## 3. Feature Engineering
 
### 3.1 Matching PIREPs to ERA5
- Retrieved ERA5 reanalysis data (28 pressure levels, 16+ variables) using `cdsapi`.
- For each report, matched ERA5 data based on:
  - Time (nearest hour)
  - Location (nearest grid point)
  - Altitude (nearest pressure level)
 
```python
import xarray as xr
grib_data = xr.open_dataset('january_data.grib', engine='cfgrib')
weather_columns = ['temperature', 'u_component_of_wind', 'v_component_of_wind', 'relative_humidity']
 
def extract_weather_data(row):
    lat, lon, time, pressure = row['LAT'], row['LON'], row['VALID'], row['Altitude (hpa)']
    time = pd.to_datetime(time)
    point = grib_data.sel(
        time=time, level=pressure,
        method='nearest',
        latitude=lat, longitude=lon
    )
    return pd.Series({var: float(point[var].values) for var in weather_columns})
 
pirep_df[weather_columns] = pirep_df.apply(lambda row: extract_weather_data(row), axis=1)
```
 
### 3.2 Feature Generation
- Extracted 16+ ERA5 variables like:
  - Wind (u/v components, vertical velocity)

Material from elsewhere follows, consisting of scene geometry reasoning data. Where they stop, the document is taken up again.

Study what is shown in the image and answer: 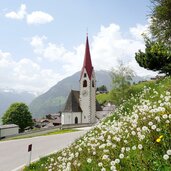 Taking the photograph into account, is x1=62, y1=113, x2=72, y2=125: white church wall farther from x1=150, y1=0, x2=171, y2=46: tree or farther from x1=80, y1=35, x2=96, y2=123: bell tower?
x1=150, y1=0, x2=171, y2=46: tree

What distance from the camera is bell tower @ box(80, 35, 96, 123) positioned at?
83875mm

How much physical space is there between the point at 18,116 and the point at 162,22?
81.6m

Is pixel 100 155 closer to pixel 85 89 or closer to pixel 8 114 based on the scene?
pixel 85 89

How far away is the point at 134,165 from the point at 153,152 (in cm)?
43

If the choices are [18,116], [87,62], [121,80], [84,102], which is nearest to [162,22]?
[121,80]

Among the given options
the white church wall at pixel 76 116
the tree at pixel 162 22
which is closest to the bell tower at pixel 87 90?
the white church wall at pixel 76 116

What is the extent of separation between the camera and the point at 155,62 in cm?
4312

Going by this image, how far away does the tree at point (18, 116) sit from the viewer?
309 ft

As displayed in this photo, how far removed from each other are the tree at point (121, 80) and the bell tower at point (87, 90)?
1285cm

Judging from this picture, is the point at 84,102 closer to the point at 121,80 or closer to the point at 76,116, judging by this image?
the point at 76,116

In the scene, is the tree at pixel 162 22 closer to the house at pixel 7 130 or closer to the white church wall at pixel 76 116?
the house at pixel 7 130

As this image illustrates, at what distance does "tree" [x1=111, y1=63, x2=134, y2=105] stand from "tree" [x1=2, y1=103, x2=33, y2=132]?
1397 inches

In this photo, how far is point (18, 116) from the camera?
94812 millimetres

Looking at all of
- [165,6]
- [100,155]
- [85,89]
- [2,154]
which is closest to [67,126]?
[85,89]
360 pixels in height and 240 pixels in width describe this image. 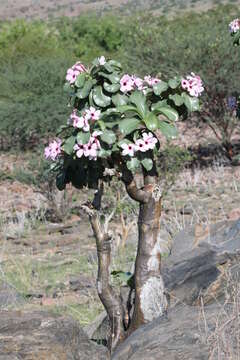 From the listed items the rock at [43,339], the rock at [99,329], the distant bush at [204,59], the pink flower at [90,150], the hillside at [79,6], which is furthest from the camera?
the hillside at [79,6]

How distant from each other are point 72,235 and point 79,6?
70.3 meters

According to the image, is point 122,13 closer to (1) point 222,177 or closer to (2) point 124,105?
(1) point 222,177

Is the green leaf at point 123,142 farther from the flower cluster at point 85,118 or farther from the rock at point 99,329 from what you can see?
the rock at point 99,329

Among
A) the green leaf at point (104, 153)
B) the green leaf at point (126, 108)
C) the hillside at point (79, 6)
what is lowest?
the green leaf at point (104, 153)

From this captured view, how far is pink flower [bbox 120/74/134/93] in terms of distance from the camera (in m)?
4.91

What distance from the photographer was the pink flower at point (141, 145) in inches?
189

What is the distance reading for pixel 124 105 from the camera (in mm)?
4852

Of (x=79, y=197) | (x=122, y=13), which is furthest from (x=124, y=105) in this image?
(x=122, y=13)

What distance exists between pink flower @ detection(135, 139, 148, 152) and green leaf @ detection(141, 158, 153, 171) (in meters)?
0.12

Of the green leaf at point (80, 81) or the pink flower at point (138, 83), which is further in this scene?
the pink flower at point (138, 83)

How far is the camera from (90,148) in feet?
15.5

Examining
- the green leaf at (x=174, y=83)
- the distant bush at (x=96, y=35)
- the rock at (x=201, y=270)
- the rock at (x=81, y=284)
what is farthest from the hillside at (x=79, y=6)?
the green leaf at (x=174, y=83)

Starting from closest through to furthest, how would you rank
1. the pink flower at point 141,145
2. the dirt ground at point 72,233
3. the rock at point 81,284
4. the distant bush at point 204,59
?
1. the pink flower at point 141,145
2. the dirt ground at point 72,233
3. the rock at point 81,284
4. the distant bush at point 204,59

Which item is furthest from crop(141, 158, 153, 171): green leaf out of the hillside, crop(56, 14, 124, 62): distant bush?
the hillside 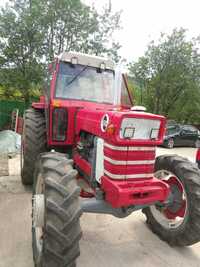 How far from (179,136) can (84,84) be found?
10419 millimetres

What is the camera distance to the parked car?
12.7m

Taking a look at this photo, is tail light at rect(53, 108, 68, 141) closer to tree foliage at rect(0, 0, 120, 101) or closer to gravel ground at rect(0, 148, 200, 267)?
gravel ground at rect(0, 148, 200, 267)

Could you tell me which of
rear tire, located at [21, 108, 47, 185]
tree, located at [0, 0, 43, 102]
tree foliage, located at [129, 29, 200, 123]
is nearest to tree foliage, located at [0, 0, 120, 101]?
tree, located at [0, 0, 43, 102]

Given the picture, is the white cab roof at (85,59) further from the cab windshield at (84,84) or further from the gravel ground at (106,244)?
the gravel ground at (106,244)

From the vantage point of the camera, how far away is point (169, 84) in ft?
59.8

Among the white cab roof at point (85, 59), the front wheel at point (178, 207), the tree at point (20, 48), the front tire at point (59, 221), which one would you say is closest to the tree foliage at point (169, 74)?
the tree at point (20, 48)

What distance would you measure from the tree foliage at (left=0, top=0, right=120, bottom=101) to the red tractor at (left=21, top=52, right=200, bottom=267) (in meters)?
8.57

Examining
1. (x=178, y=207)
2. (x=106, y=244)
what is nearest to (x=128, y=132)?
(x=178, y=207)

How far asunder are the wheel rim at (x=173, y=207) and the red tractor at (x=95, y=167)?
0.01 metres

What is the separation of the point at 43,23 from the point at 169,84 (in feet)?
32.2

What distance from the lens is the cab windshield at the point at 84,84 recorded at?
3.67 m

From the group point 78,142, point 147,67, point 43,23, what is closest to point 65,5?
point 43,23

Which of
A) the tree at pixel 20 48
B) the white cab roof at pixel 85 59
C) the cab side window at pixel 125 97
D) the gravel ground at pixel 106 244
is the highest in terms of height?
the tree at pixel 20 48

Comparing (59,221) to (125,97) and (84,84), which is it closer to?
(84,84) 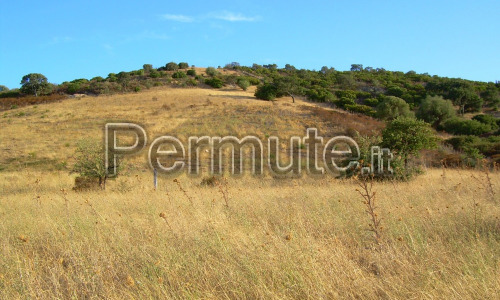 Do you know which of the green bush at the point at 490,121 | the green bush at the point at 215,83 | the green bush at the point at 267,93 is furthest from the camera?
the green bush at the point at 215,83

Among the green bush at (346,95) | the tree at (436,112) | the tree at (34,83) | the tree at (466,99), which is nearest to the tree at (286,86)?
the green bush at (346,95)

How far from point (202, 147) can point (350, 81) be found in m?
43.5

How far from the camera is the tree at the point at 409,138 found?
13378mm

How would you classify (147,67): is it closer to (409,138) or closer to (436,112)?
(436,112)

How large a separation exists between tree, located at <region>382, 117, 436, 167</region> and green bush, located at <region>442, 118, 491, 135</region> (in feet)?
62.9

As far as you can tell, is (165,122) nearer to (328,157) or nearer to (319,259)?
(328,157)

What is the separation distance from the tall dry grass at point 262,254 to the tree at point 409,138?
8.43 meters

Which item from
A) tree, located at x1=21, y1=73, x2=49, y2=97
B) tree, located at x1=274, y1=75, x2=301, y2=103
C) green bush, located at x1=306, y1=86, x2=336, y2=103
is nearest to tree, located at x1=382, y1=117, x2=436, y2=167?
tree, located at x1=274, y1=75, x2=301, y2=103

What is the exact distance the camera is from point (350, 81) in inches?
2244

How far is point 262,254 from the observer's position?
307 centimetres

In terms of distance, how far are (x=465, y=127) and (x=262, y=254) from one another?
109ft

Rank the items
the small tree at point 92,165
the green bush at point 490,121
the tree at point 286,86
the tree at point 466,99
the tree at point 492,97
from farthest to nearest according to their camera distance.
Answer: the tree at point 492,97, the tree at point 286,86, the tree at point 466,99, the green bush at point 490,121, the small tree at point 92,165

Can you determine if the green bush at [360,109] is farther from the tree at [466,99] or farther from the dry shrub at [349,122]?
the tree at [466,99]

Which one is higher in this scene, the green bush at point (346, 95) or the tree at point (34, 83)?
the tree at point (34, 83) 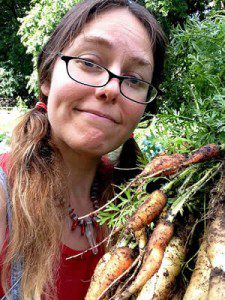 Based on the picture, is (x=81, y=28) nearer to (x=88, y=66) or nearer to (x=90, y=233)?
(x=88, y=66)

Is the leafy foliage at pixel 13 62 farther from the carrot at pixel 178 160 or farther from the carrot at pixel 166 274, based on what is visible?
the carrot at pixel 166 274

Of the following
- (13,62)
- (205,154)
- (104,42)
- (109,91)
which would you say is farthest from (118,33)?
(13,62)

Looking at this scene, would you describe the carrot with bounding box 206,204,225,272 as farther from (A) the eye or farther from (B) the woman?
(A) the eye

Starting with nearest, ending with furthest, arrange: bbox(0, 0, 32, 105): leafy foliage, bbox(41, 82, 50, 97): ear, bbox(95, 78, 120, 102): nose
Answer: bbox(95, 78, 120, 102): nose, bbox(41, 82, 50, 97): ear, bbox(0, 0, 32, 105): leafy foliage

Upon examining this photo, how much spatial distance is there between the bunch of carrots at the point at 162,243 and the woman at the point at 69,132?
16 cm

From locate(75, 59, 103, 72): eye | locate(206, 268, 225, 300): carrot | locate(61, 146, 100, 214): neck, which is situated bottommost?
locate(61, 146, 100, 214): neck

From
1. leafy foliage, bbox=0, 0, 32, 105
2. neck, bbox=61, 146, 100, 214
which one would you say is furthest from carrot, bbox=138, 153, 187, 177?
leafy foliage, bbox=0, 0, 32, 105

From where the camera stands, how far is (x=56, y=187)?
4.02ft

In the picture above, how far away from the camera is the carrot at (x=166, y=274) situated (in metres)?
0.95

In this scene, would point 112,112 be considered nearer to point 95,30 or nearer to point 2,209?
point 95,30

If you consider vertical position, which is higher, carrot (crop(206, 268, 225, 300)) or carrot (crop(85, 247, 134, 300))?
carrot (crop(206, 268, 225, 300))

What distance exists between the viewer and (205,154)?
100 cm

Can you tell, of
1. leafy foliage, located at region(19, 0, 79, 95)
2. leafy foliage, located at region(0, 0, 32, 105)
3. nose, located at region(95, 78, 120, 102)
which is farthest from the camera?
leafy foliage, located at region(0, 0, 32, 105)

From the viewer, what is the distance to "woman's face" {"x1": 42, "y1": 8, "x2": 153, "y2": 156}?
109cm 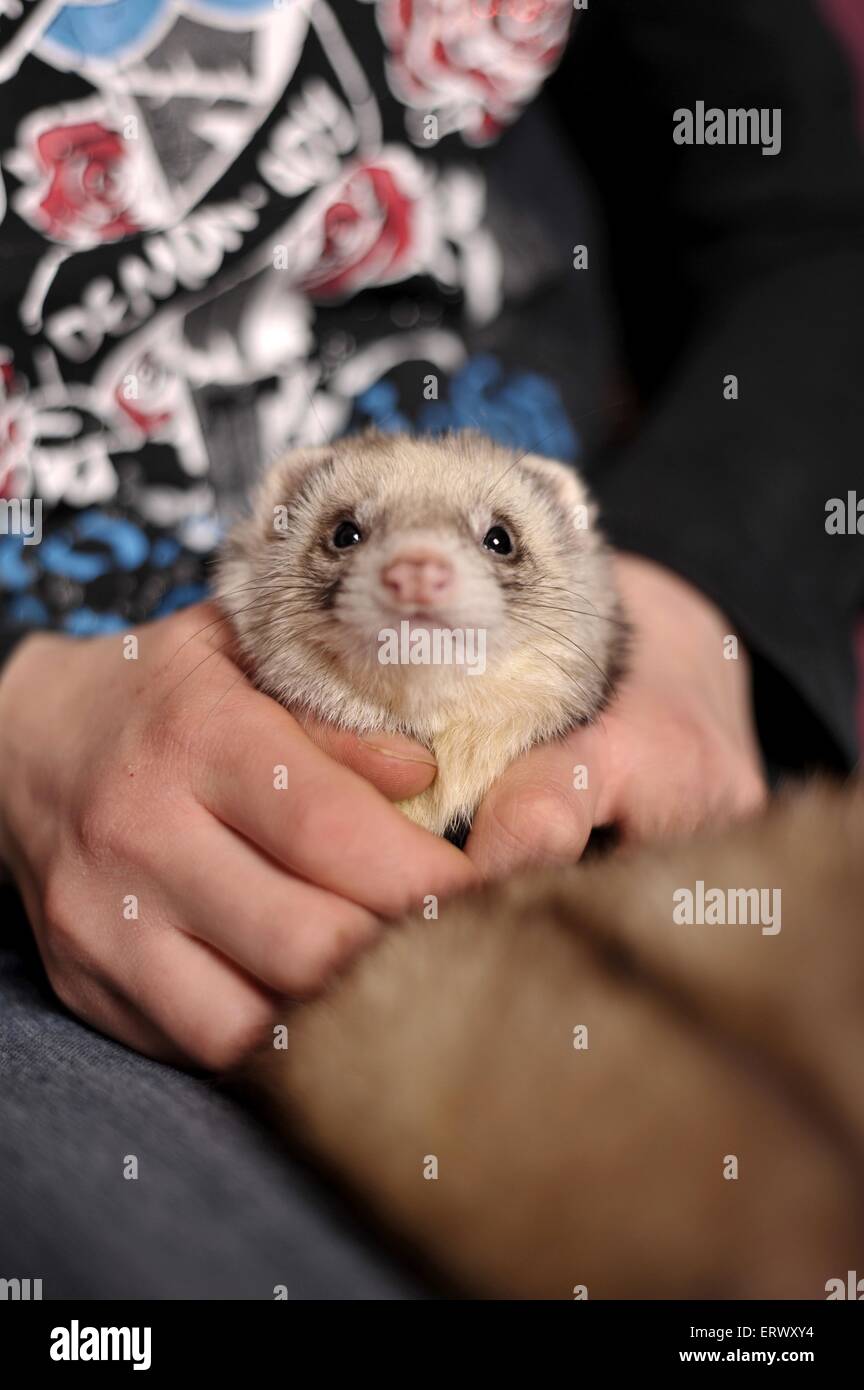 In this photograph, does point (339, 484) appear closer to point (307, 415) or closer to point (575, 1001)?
point (307, 415)

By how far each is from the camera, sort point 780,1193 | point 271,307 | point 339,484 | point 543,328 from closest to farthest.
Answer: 1. point 780,1193
2. point 339,484
3. point 271,307
4. point 543,328

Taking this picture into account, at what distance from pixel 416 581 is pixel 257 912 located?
26 centimetres

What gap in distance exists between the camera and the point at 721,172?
1527 millimetres

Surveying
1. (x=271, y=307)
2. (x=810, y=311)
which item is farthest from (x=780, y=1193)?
(x=810, y=311)

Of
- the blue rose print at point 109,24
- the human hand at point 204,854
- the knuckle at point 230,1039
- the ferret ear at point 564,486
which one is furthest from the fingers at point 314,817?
the blue rose print at point 109,24

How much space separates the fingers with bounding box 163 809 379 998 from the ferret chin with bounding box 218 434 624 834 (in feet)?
0.41

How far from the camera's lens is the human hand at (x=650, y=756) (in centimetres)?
77

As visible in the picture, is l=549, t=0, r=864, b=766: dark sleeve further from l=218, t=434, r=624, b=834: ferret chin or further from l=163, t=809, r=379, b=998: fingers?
l=163, t=809, r=379, b=998: fingers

  - Temperature, humidity, cloud water, vorticity
- Engineered new features:
  - `wind_speed`, `wind_direction` from u/v components
  - `wind_shear` using vertical/horizontal gradients with spatial-temporal filtering
  - Seasonal encoding based on `VALID` timestamp
 
```python
import numpy as np
pirep_df['wind_speed'] = np.sqrt(pirep_df['u_component_of_wind']**2 + pirep_df['v_component_of_wind']**2)
pirep_df['wind_direction'] = np.degrees(np.arctan2(pirep_df['v_component_of_wind'], pirep_df['u_component_of_wind']))
pirep_df['wind_direction'] = (pirep_df['wind_direction'] + 360) % 360
```
 
```python
from sklearn.preprocessing import LabelEncoder
encoder = LabelEncoder()
pirep_df['aircraft_encoded'] = encoder.fit_transform(pirep_df['AIRCRAFT'].fillna('UNKNOWN'))
```
 
### 3.3 Final Dataset Output
- Cleaned and merged month-wise ERA5 data.
- Created `full_year_df.csv` → Complete 2024 dataset with labels + ERA5 features.
- Additional filtering:
  - Limited to U.S. and surrounding airspace (based on bounding box)
  - Dropped unused fields and outliers
 
```python
pirep_df.to_csv('full_year_df.csv', index=False)
```
 
---
 
## 4. Label Simplification and Deduplication
 
- Converted turbulence labels to binary:
  - `NEG` → 0
  - `SEV`/`EXTRM` → 1
 
```python
binary_map = {'NEG': 0, 'SEV': 1, 'EXTRM': 1}
pirep_df['binary_target'] = pirep_df['severity_level'].map(binary_map)
```
 
- Filtered NEG duplicates using diversity in weather features.
- Removed NEG samples from aircraft types not seen in SEV/EXTRM.
- Saved final binary dataset as `air_final_df.csv`:
  - 147K NEG
  - 6.7K SEV/EXTRM
 
```python
pirep_df.to_csv('air_final_df.csv', index=False)
```
 
- The refined dataset is now fully structured for class balancing, modeling, and downstream risk analysis.